> _Work order_: Below are entries; repeat exactly, and nothing else, the lines from the one holding "Women's Hooded Zipper" through the one holding "21st Party Napkins", inclusive. Leave the pictures out.

· · ·

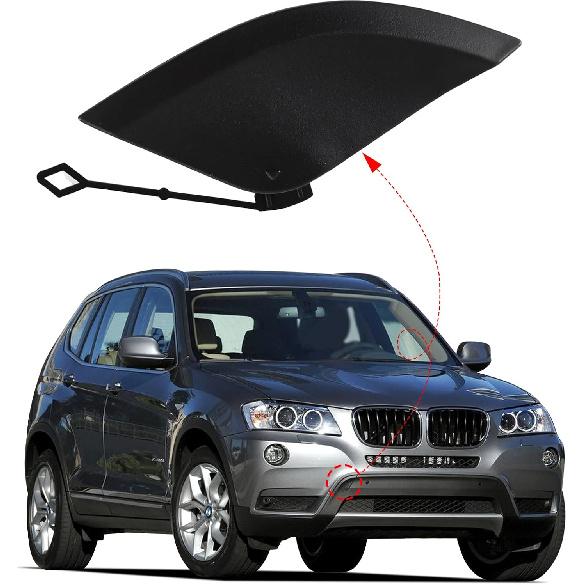 Front Bumper Tow Hook Cover Cap Towing Eye Fit for BMW X3 F25 20112012 2013 2014 51117210474 Trailer Cover (Matte Black, Right Passenger Side)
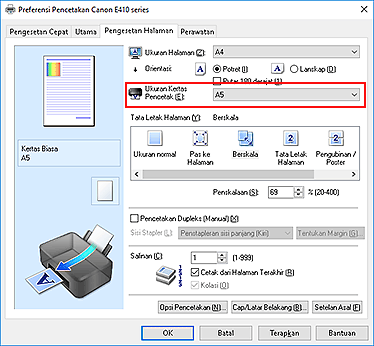gambar: Ukuran Kertas Pencetak pada tab Pengesetan Halaman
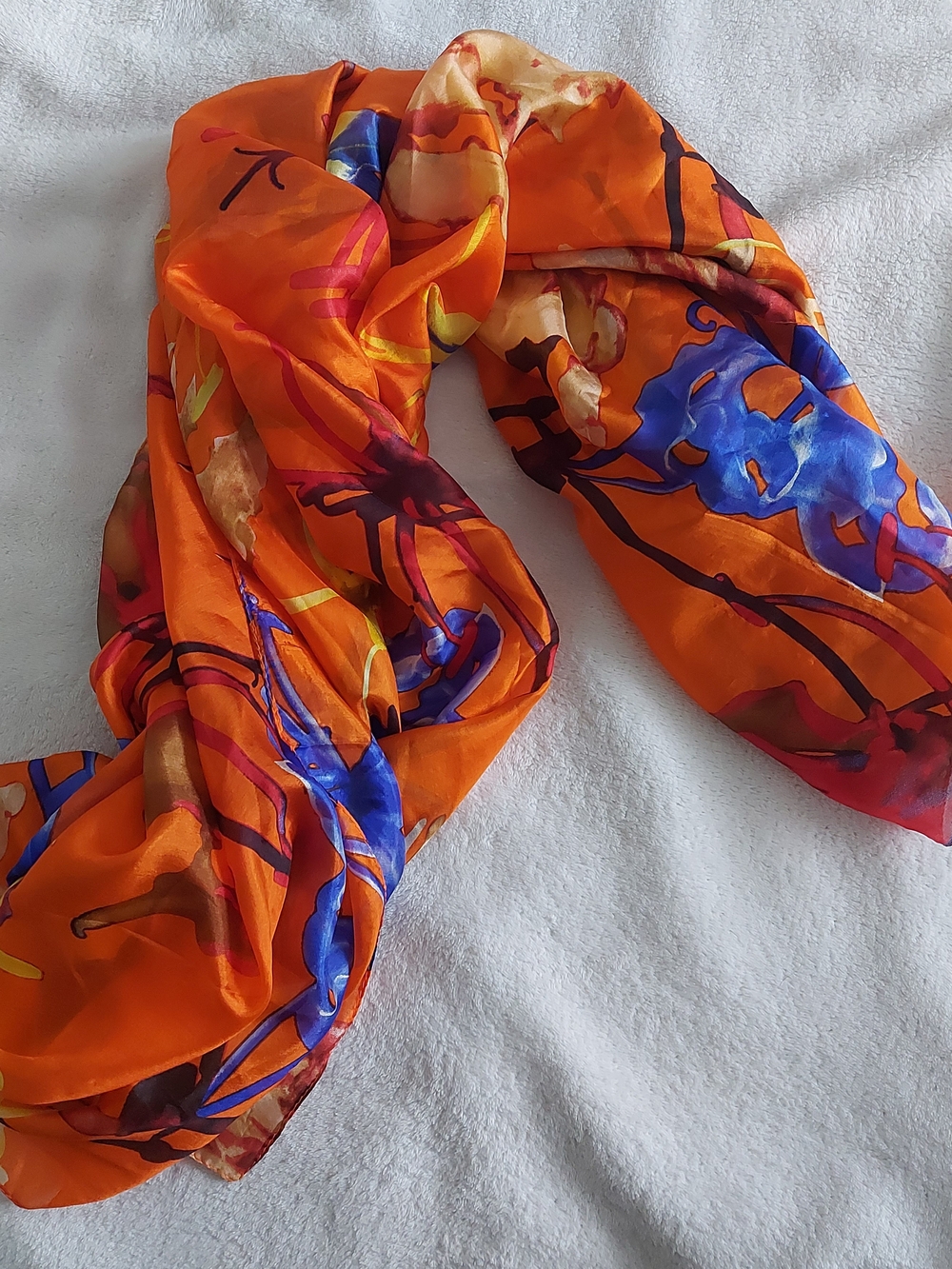 Orange Floral Print Silk Scarf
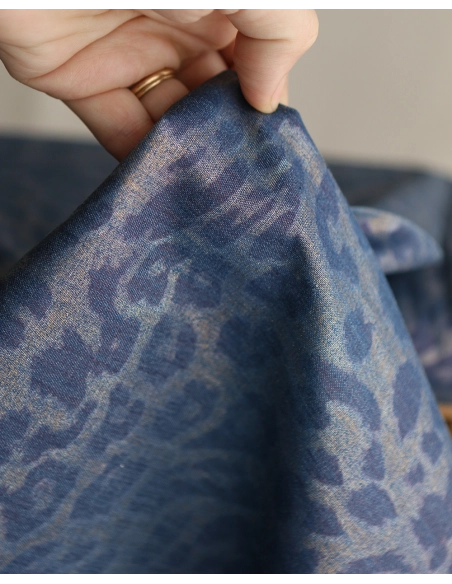 Jean denim léger coton 120gr imprimé foil Graou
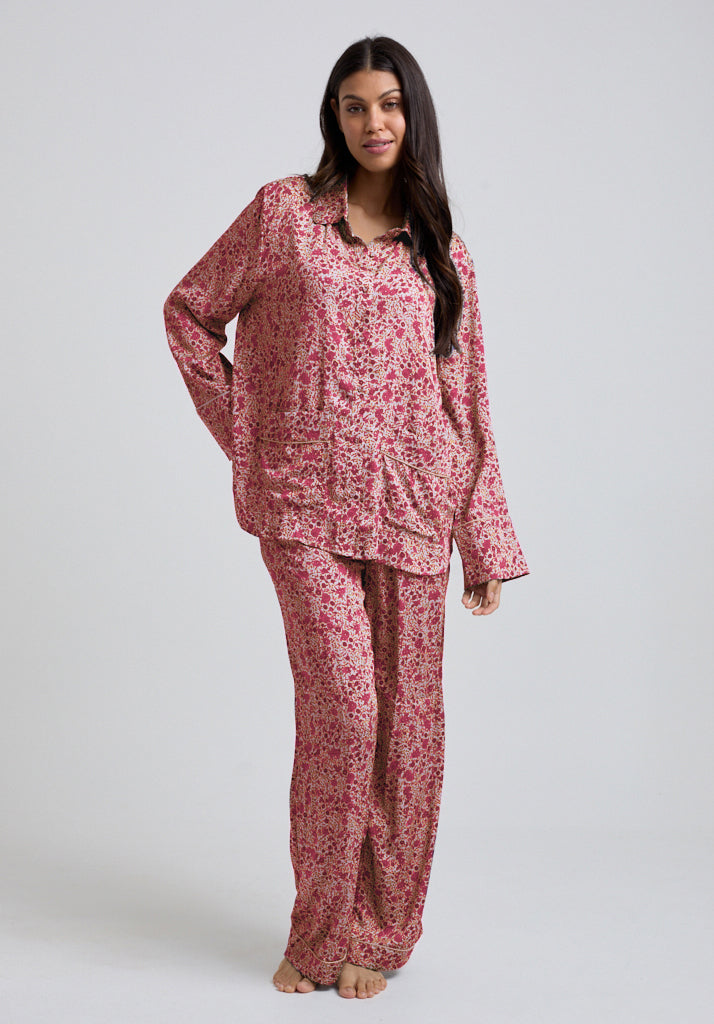 Evie Aster Pyjama Set in Pink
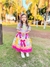 Vestido Infantil Junino Xadrez Colorido Girassol na internet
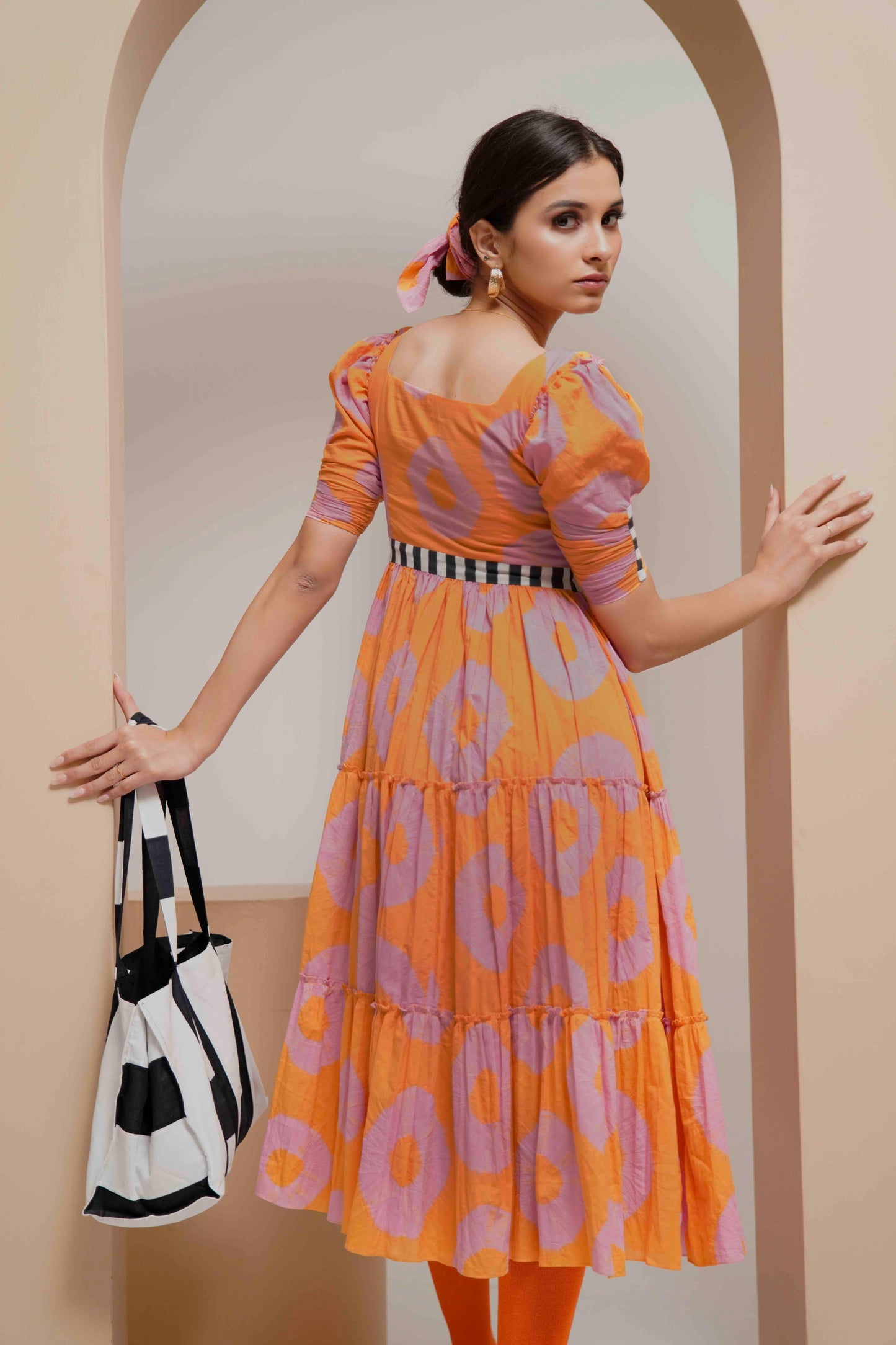 Lily Dress (Tie and Dye- Pink Orange)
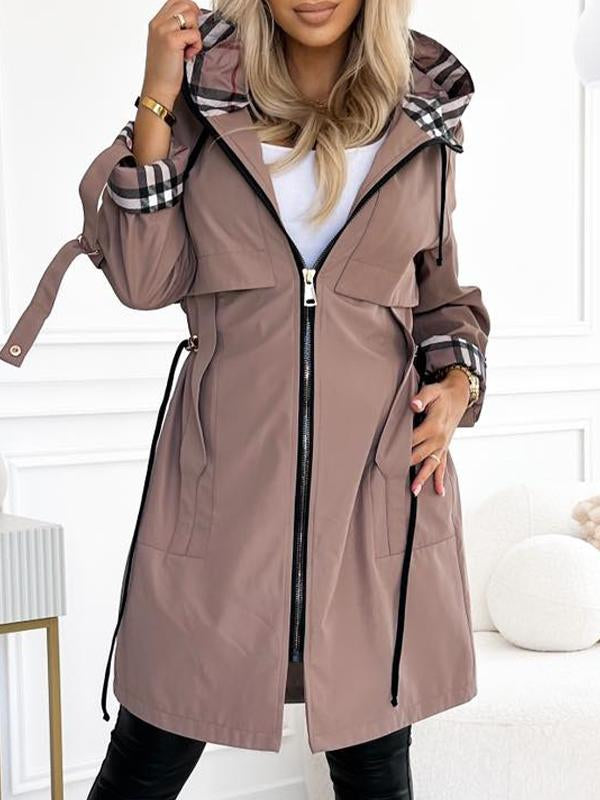 Women's Hooded Zipper Drawstring Plaid Print Casual Long Coat-XS-3XL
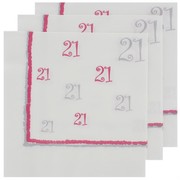 21st Party Napkins - Lunch 2Ply Caprice Magenta Silver Pk50 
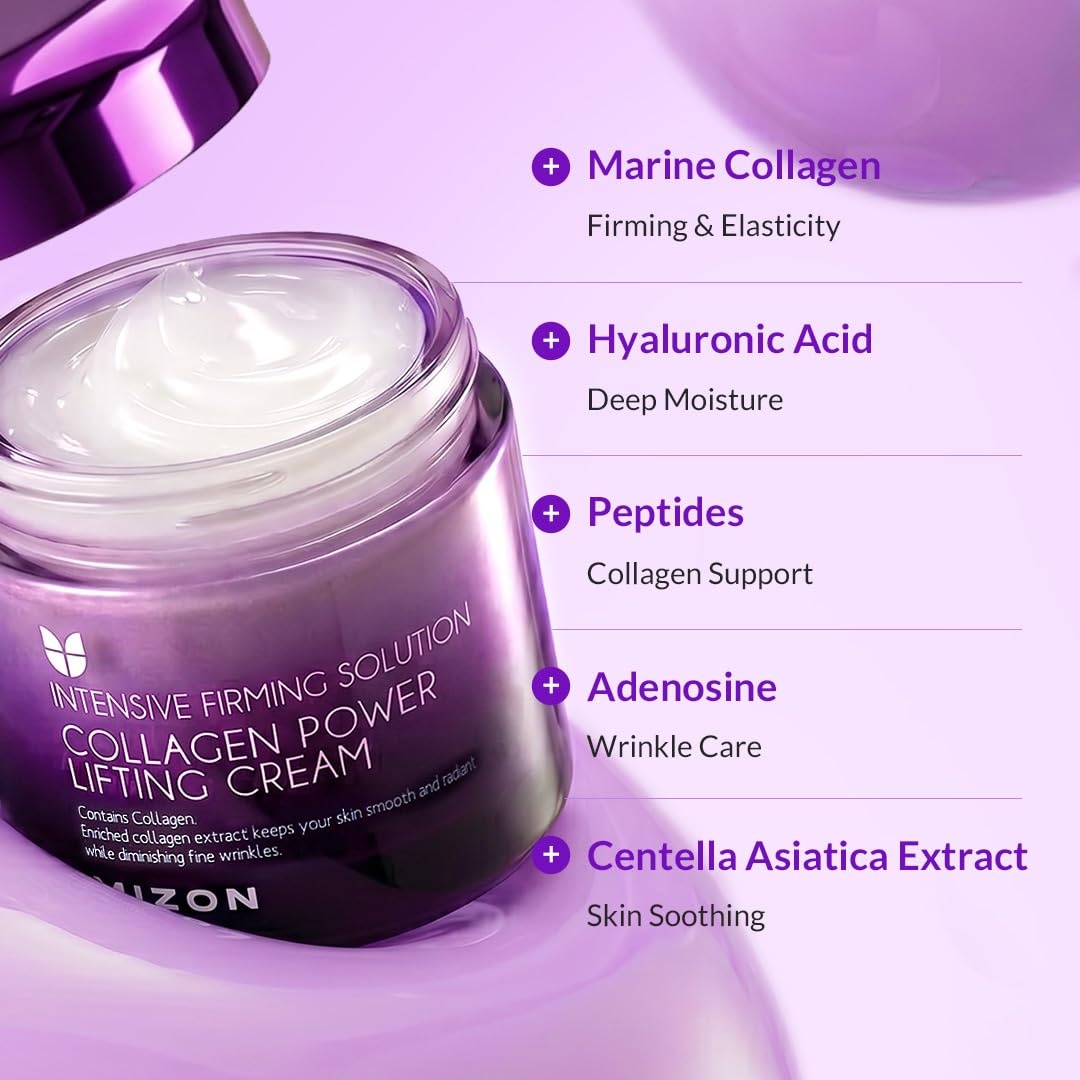 image:imageMIZON Marine Collagen Power Lifting Cream Korean Anti Aging Face Cream for Wrinkles amp Elasticity Collagen amp Hyaluronic Acid Moisturizer for Women 253 fl oz25 Fl Oz Pack of 1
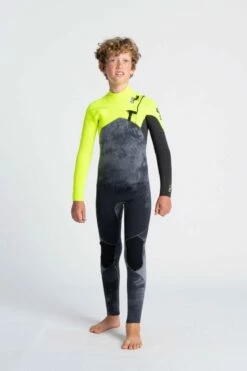 C Skins Session 4/3mm Chest Zip Kids Wetsuit 2024 - Black Tie Dye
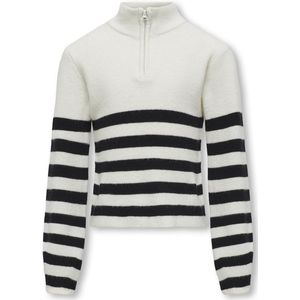 KIDS ONLY Meisjes Kogfranca Half Zip L/S Stripe Pullover - Cloud Dancer/Zwart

· · ·

> _Result of the task_:
 Women's Hooded Zipper Drawstring Plaid Print Casual Long Coat-XS-3XL
 21st Party Napkins - Lunch 2Ply Caprice Magenta Silver Pk50 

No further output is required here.